Absolute Value Inequalities for proving a limit

Question

I am trying to prove that $\lim \limits_{x \to 0}$ $f(x) = 2x^2 -5x + 2=2$. This is what my incorrect work looks like: https://prnt.sc/1rylg4l

I know delta must be positive since it is an upper bound on distance/absolute value and therefore I must have made a mistake when solving the inequality.
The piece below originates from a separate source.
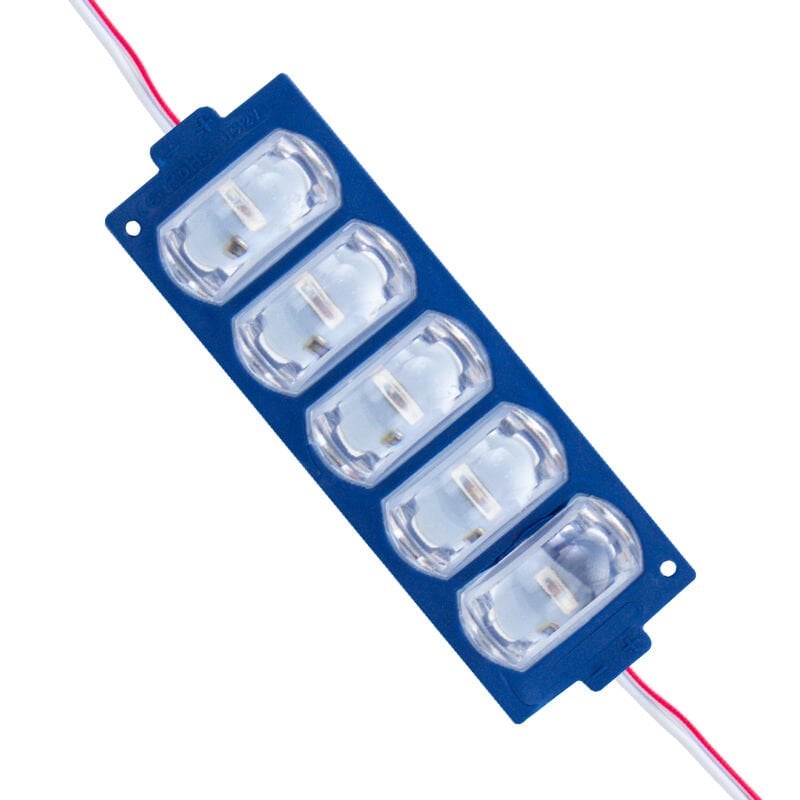 Powermaster 12 Volt 4 Watt Mavi 3030 10 X 53.8 Mm Lümen 180 Derece Mercekli Modül Led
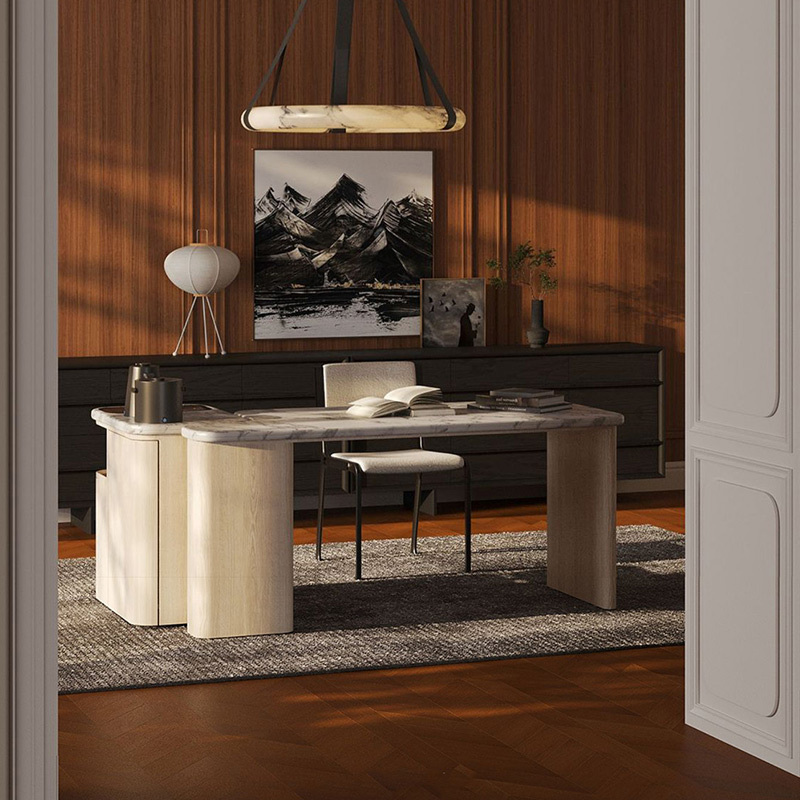 Table tea table two in one desk integrated dual purpose tea table light luxury modern senior sense balcony tea table and chair combination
I know that $|x|<1$, therefore, $-1 < x < 1 = -2 < 2x < 2 = -7 < 2x-5 < -3$.
I am trying to find the correct bound on $|2x-5|$. Thanks in advance!

Answer 1

$|2x^2- 5x+ 2- 2|= |2x^2-5x|= |x||2x- 5|$ as you have. You want $|x||2x-5|< \epsilon$ for x "small enough"- i.e. close enough to 0. Notice that your |x| is already of the form "|x- 0|", it is the |2x- 5| that is the problem.

Yes, since we are taking x close to 0 we can certainly assume that -1< x< 1 so -2< 2x< 2 and -7< 2x- 5< -3. Both bounds are negative but 3< |2x- 5|< 5.

That is we can assume that |2x- 5|< 5 so that $|x||2x- 5|< 5|x|< \epsilon$.

So we can take $\delta< \frac{\epsilon}{5}$.

Answer 2

As you pointed out, $-7 < 2x-5 < -3$, meaning $|2x-5| < 7$. The bound can't be less than 7 because then you're excluding values.

Answer 3

HINT

You can also approach it as follows.

Let $0 < |x - 0| < \delta_{\varepsilon}$. Then we conclude that \begin{align*} |f(x) - 2| & = |2x^{2} - 5x|\\\\ & \leq 2|x|^{2} + 5|x|\\\\ & < 2\delta^{2}_{\varepsilon} + 5\delta_{\varepsilon} := \varepsilon \end{align*}

Can you take it from here?